Even though the gate settings will be largely similar among individuals and among experiments, analyzing (auto)antigen T-cell specificities is subject to subtle differences in background stainings between individual subjects that require adjusting the gate settings accordingly. This may partly result from the need to compensate the light channels on each day that blood samples are analyzed on the FACS LSR II. Importantly, the minor differences in background staining did not distinguish patients from healthy subjects. We recommend that a longitudinal series of blood samples from a given subject be analyzed on the same day to minimize interassay variation, as we pursued for the analyses of blood samples of islet transplant recipients. We contend that the availability of a second dimension of staining in our combinatorial approach (each epitope being represented by two different colors) facilitates setting the gates and to a great extent copes with the difficulties of distinguishing background from positive staining of low-avidity TCR.
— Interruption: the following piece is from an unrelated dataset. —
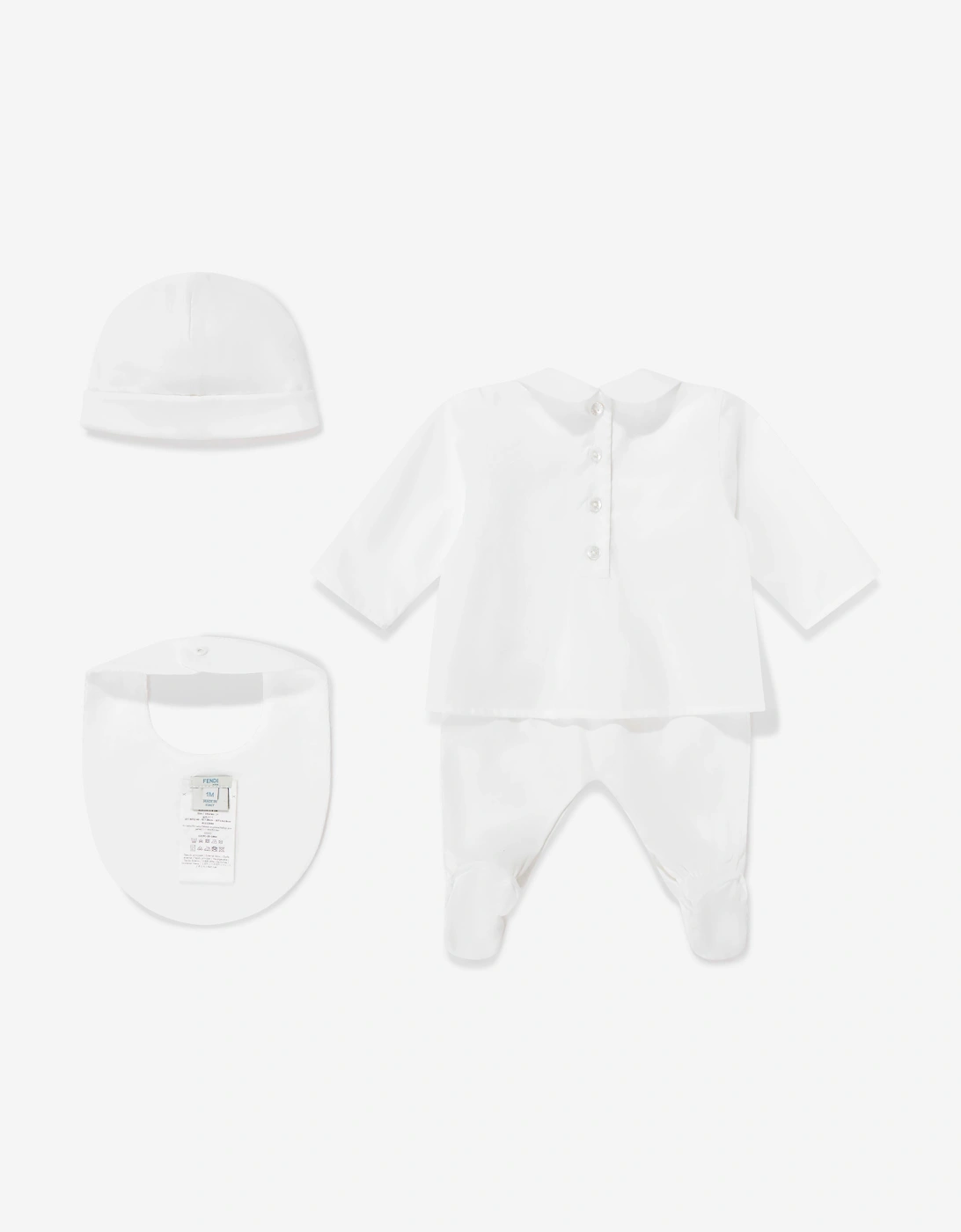 Fendi Baby Logo Babygrow Set in White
It will be interesting to use our new technology to assess functional and phenotypic differences in islet autoreactive T-cells between type 1 diabetic patients and other subjects (siblings, healthy unrelated subjects, and patients with other diseases). Preliminary results suggest that CD8 T-cells recognizing the PPI15–24 epitope in an islet cell–transplanted patient are largely of a memory phenotype (supplementary Fig. 2).

In conclusion, our novel, highly sensitive detection system allows for direct assessment of circulating autoreactive CD8+ T-cells against an array of islet epitopes simultaneously. Another major advance over the current procedures to determine islet-specific epitopes is the freedom from in vitro culture and expansion that is otherwise required in most studies on novel diabetes-associated antigens to be able to detect responses (15,,18). Testing multiple epitope specificities in the same sample further reduces the blood volumes required for analysis and extends opportunities for testing for additional and novel immune reactivities. Finally, our methods provided applicable and informative data on thawed blood samples that had been stored for up to 15 years, for the first time allowing assessment of cellular islet autoreactivity retrospectively, and enabling use in the context of large cohorts and multicenter immune intervention studies. It is conceivable that other or yet to be discovered epitopes may provide a stronger correlation with clinical outcome. Even though the currently used Qdot-MHC multimer technique allows a highly sensitive, combinatorial assessment of multiple islet epitope-specific CD8+ T-cell populations in type 1 diabetes to study pathogenesis, prediction, progression, and intervention of the disease, it can be modified and extended to up to 25 different epitopes in the future.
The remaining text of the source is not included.